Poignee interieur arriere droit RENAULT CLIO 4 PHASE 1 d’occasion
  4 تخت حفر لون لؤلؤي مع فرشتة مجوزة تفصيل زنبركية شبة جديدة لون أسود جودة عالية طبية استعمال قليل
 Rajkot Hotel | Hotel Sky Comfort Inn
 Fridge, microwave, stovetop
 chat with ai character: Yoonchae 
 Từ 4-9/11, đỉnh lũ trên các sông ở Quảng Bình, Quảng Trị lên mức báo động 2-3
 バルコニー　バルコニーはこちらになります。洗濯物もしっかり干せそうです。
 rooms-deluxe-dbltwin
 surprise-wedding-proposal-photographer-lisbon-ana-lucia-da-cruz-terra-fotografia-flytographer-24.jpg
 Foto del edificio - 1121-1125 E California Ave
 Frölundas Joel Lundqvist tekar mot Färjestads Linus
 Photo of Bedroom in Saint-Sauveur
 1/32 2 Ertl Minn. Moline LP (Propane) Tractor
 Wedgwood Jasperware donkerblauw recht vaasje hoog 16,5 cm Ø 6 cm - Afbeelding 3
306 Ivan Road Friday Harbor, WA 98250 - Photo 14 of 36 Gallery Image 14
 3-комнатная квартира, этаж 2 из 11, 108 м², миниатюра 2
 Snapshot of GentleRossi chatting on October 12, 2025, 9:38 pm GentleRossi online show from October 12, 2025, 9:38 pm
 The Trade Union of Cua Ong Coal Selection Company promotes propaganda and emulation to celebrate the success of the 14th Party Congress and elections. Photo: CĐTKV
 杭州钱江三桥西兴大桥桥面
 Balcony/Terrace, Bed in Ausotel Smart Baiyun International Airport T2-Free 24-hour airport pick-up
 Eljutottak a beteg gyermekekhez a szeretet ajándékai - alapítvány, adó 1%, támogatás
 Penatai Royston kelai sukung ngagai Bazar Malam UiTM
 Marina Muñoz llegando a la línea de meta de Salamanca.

> _What the task asks_:
Look above for the line with "306 Ivan Road"; retype exactly that line, every line after it up to the line with "Balcony/Terrace, Bed in", and that line too, nothing else.

> _Response_:
306 Ivan Road Friday Harbor, WA 98250 - Photo 14 of 36 Gallery Image 14
 3-комнатная квартира, этаж 2 из 11, 108 м², миниатюра 2
 Snapshot of GentleRossi chatting on October 12, 2025, 9:38 pm GentleRossi online show from October 12, 2025, 9:38 pm
 The Trade Union of Cua Ong Coal Selection Company promotes propaganda and emulation to celebrate the success of the 14th Party Congress and elections. Photo: CĐTKV
 杭州钱江三桥西兴大桥桥面
 Balcony/Terrace, Bed in Ausotel Smart Baiyun International Airport T2-Free 24-hour airport pick-up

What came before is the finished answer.